Fue, creo, la segunda semana de mi estancia allí cuando me eligió con otros dos más para llevar a cabo una labor “non grata”. Debíamos adentrarnos por un angosto caleyín que había entre la edificación nuestra y la casa vecinal, con la misión de desatascar la tubería que llevaba las heces de todo el barrio hasta la ría.

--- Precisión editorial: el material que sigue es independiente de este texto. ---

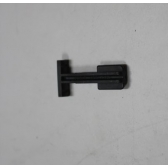 Кронштейн корпуса воздушного фильтра 2003-2008 б/у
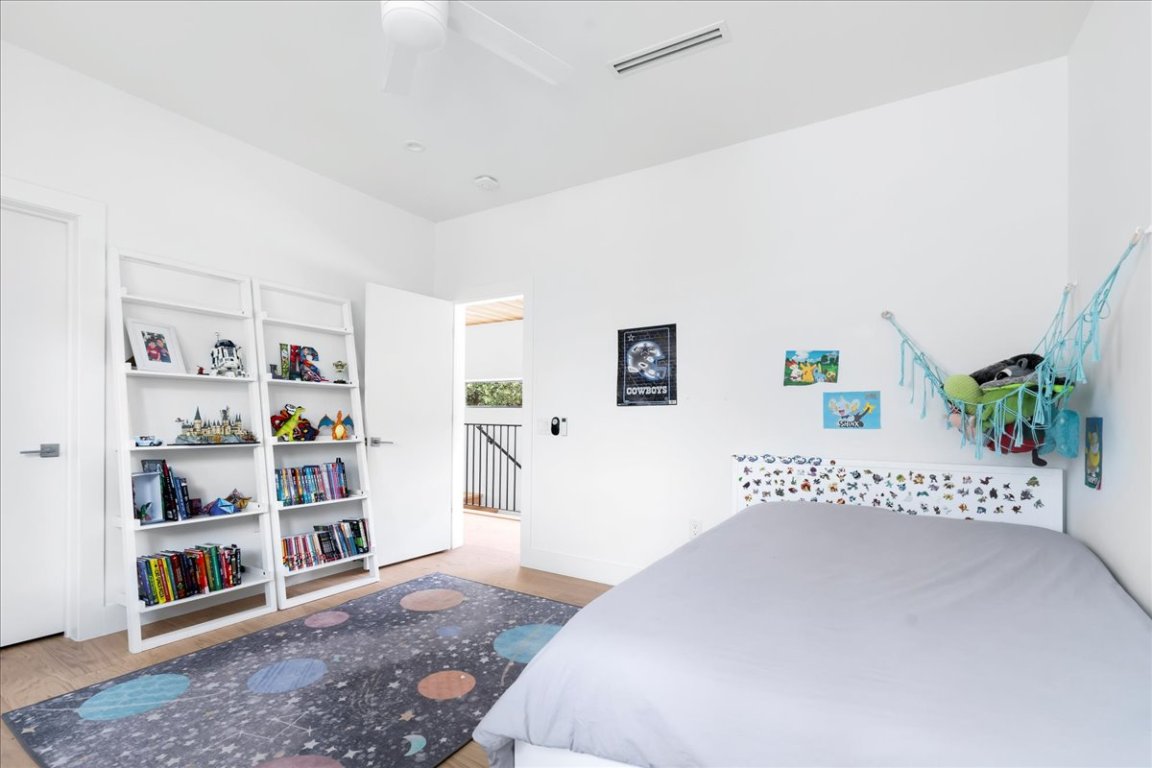 Austin, Texas, 78703, United States, 4 Bedrooms Bedrooms, ,4 BathroomsBathrooms,Residential,For Sale,1940448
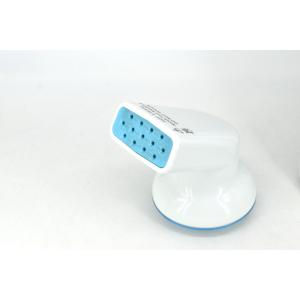 Buy cheap 700W 150ml Portable Garment Steamer ABS Body 150ml Tank Max 60 Sec Heat Up Time from wholesalers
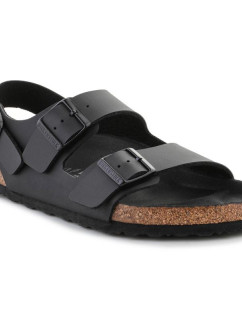 Sandály Milano BS M model 20172904 - Birkenstock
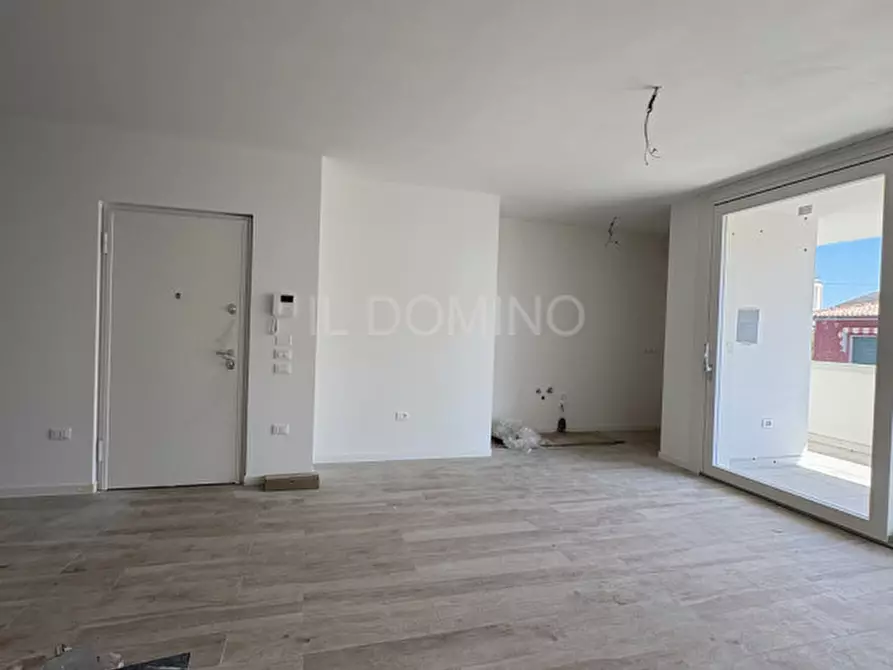 Immagine 10 di Appartamento in vendita  in Via Santa Barbara a Selvazzano Dentro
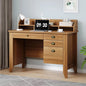 Home Office Desk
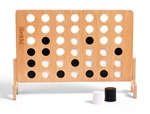 Linkki - (Giant 4 in a Row)-board games-The Games Shop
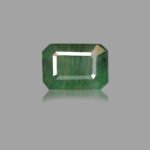 4.58 Carats Emerald ( 5.09 Ratti Panna )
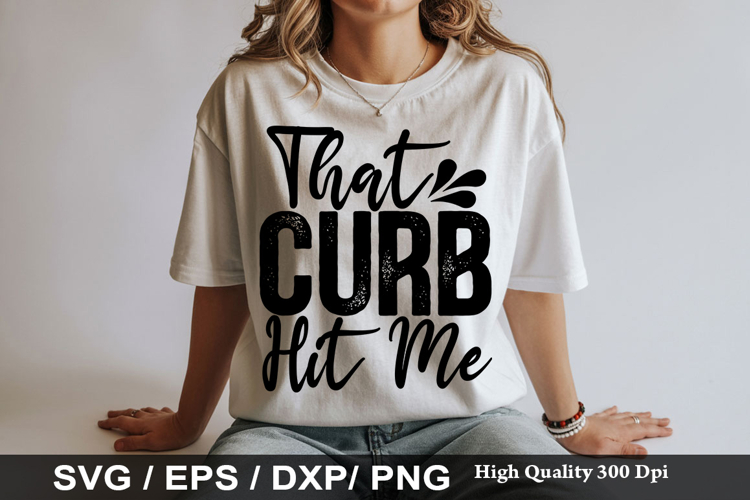 Funny Svg Sayings Image 7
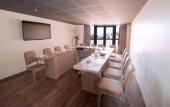 Туры в отель Best Western Plus La Corniche Туры в отель Best Western Plus La Corniche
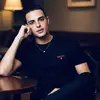 mahmoud.1222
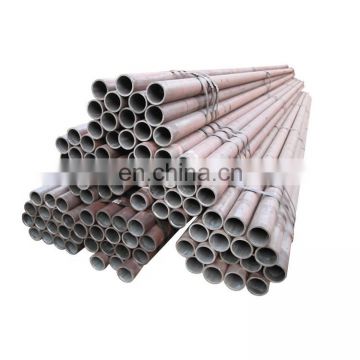 seamless steel pipes building materials seamless pipe carbon steel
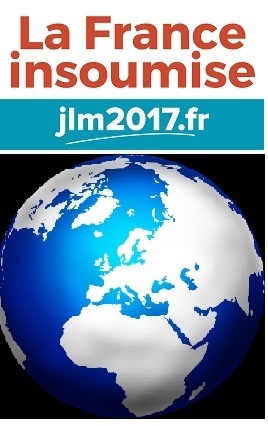 Soirée-DÉBAT, jeudi 2 Février 2017 19h30 à Montreuil (93)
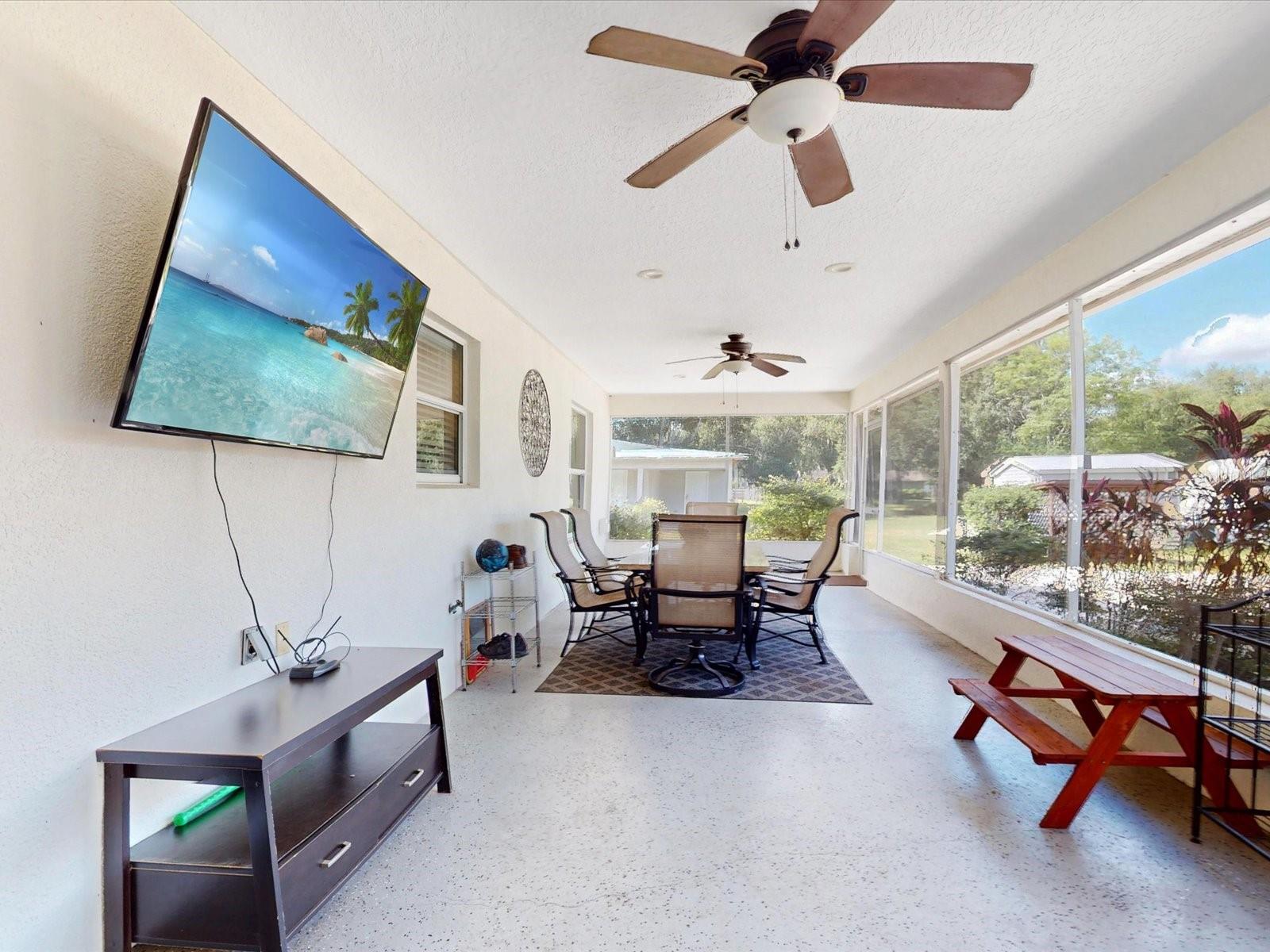 ST CLOUD MANOR VILLAGE - Residential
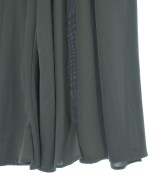 LEPSIM LOWRYSFARM（レプシィムローリーズファーム）その他 グレー サイズ:F レディース/2200630066188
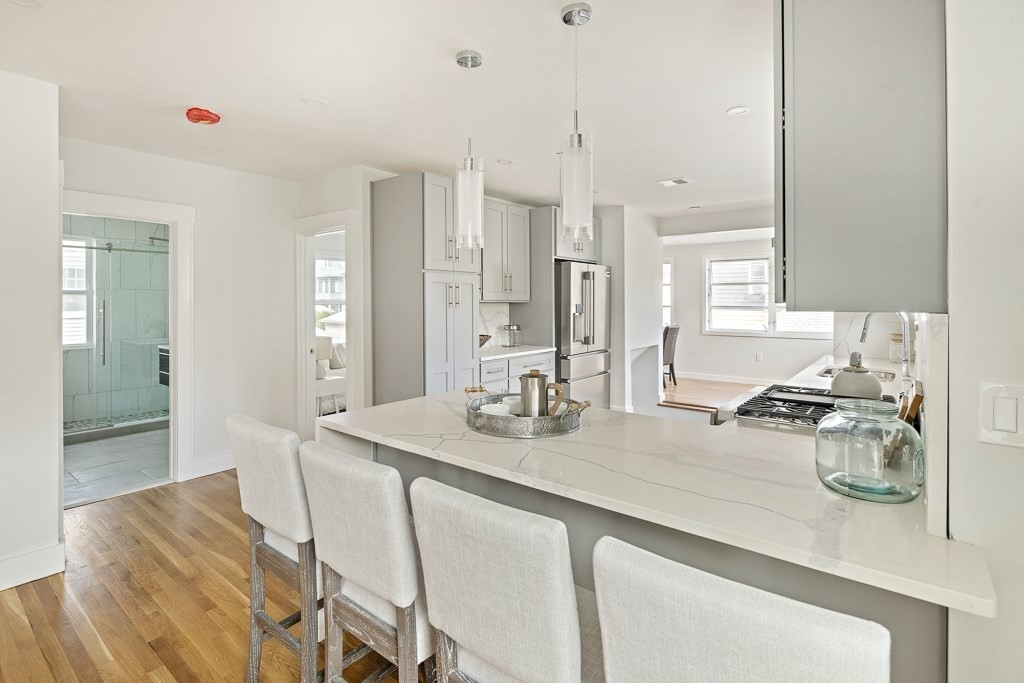 3 Mary Street, Unit 3 Arlington, MA 02474 - Photo 13 of 31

Huelgo explicar con pelos y señales, los tropiezos y los hedores que de ella brotaron como un surtidor cuando la rompimos, por el desnivel que llevaba el terreno, y que me pareció haber picado la barriga hinchada de un monstruo. Después de haber aligerado el estómago de los pocos restos que quedaban del desayuno, salimos a la calle por tomar aire, lavarnos en la fuente y con la manguera, a la hora del pequeño receso de las diez. Ni qué decir tiene que me ahorré el bocadillo para la merienda, pero no pude por menos, aún sin gustarme entonces, de echar unos traguinos  de la bota que mi viejo compañero Ramón Noriega, el del Jornu, llevaba y unos caramelos de ocálitu que Remigio me dio. Ambas cosas me sirvieron para confundir al cerebro y poder soportar así estoicamente la dura tarea mientras duró. Dispusimos, eso sí, de unas katiuscas altas como las de los marineros que me llegaban a la cintura y una chaqueta de aguas. Así vestidos, nos parecíamos, salvando alturas, a aquellos tres nuevos héroes del espacio, Armstrong, Aldrin y Collins que habían salido esa misma semana en el Apolo 11 camino de la luna.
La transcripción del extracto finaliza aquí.